Changes to Non-Profit Corporations Law. Ohio's Non-profit Corporations Law was recently modified. One of the most notable changes is that the new law does away with the designation of 'trustee' for the purposes of a non-profit's governing Board. Instead, members of the governing Board are to be referred to as 'directors', and all references to 'trustees' within the statute now state so accordingly. In addition, the new law alters the procedures for the dissolution or sale of substantially all of the assets, adoption and content of regulations; membership; notice requirements; voting; actions without a meeting; sales or other dispositions of assets by "mutual benefit" and "public benefit" corporations; mergers and consolidations; dissolution and winding up of affairs; and definitions. The law is available at http://legislature.state.oh.us/bills.cfm?ID=123_HB_597.

CON Exception. We wanted to share with our non-profit clients an exception to the Certificate of Need (CON) law in Ohio that will be applicable to a small number of facilities - but could be a valuable option to those facilities. If you operate a facility (1) that has been in continuous operation since at least June 17, 1878, (2) are operating as a nonprofit entity under the law of Ohio or another state, and (3) are located in an "inner city area" (which is not defined by law), then you are eligible to add up to 30 licensed nursing home beds without a CON. The exemption would apply only as long as the beds are owned and operated by the facility to which the exemption was granted.

EMPLOYMENT ISSUES

FLSA Overtime Manual. The Federal Fair Labor Standards Act (FLSA) requires employees to be paid for overtime hours worked. While this law appears simple, it involves numerous requirements that are detailed in dozens upon dozens of interpreting regulations. In order to assist our clients with navigating these requirements, RR&G has developed an FLSA Overtime Manual. The manual addresses employee eligibility; computation of the "workweek," and alternatives to the standard "workweek" that may be adopted by health care providers; what does and what does not constitute "hours worked;" when payments beyond normal hourly or salary payments, such as shift differentials and bonuses, may be included as monies paid for overtime; record keeping requirements; and enforcement under the FLSA. If you are interested in this manual, then please contact Carol Rolf or Christopher Tost at (216) 514-1100 or e-mail Overtime@LTClawyers.com.

Employment Posters. The Department of Labor has created a new website, Poster Advisor, to assist employers in determining what Federal labor posters need to be posted in accordance with the Fair Labor Standards Act, Equal Employment Opportunity Act and other Federal labor laws. Posters required for specific businesses depend on various factors including the number of staff employed. Poster Advisor asks the user a series of questions and provides the employer with a list of required posters.
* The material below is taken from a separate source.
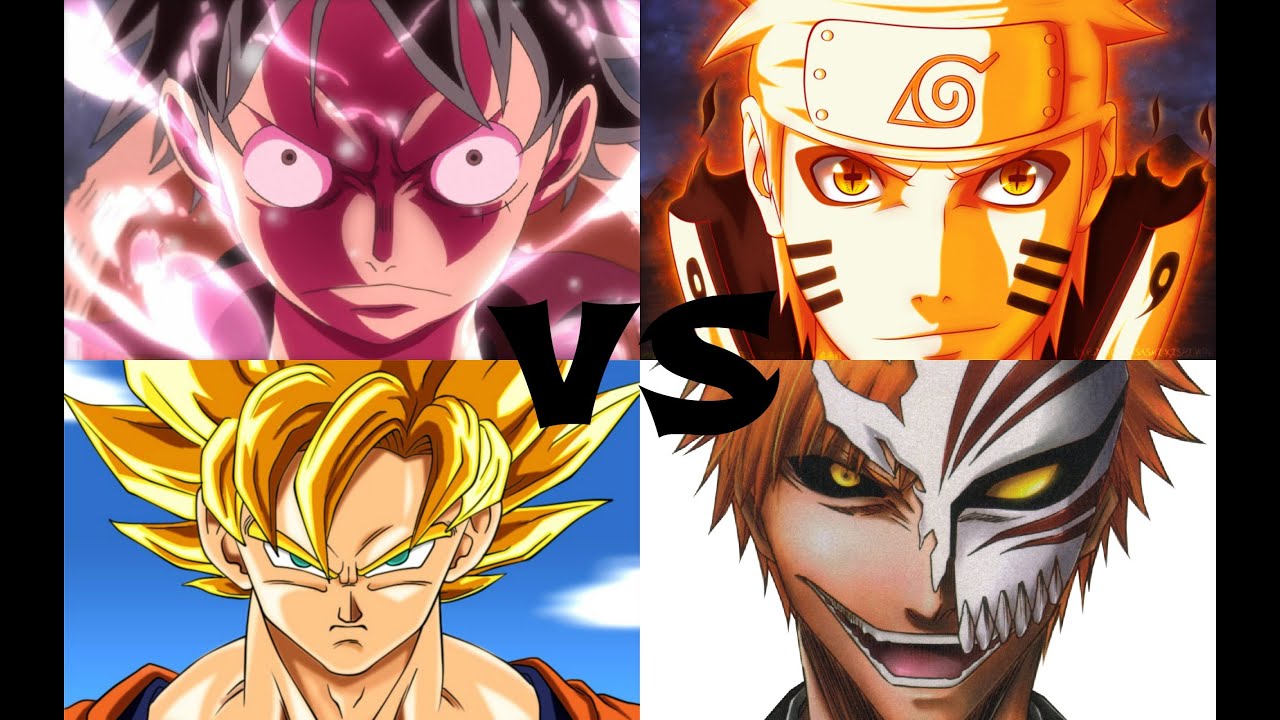 SSF2 GOKU VS NARUTO VS LUFFY VS ICHIGO RACEL HASAMURA ...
Poster Advisor allows the employer to download and print the posters at no cost. To access this information, go to www.dol.gov/elaws/posters.htm.

OSHA

New Ergonomics Standards. The Occupational Safety and Health Administration (OSHA) has published a final ergonomics program standard, which became effective on January 16, 2001. This controversial regulation will have a profound impact on long-term care, requiring employers to implement programs designed to reduce the number and severity of musculoskeletal disorders (MSDs) caused by exposure to risk factors in the workplace. MSDs are injuries and illnesses affecting muscles, nerves, tendons, ligaments, joints, or spinal discs, including carpal tunnel syndrome, tendinitis, rotator cuff syndrome, sciatica, low back pain, and epicondylitis. Nursing home employees are particularly prone to MSDs, due to the lifting and transfer requirements of residents.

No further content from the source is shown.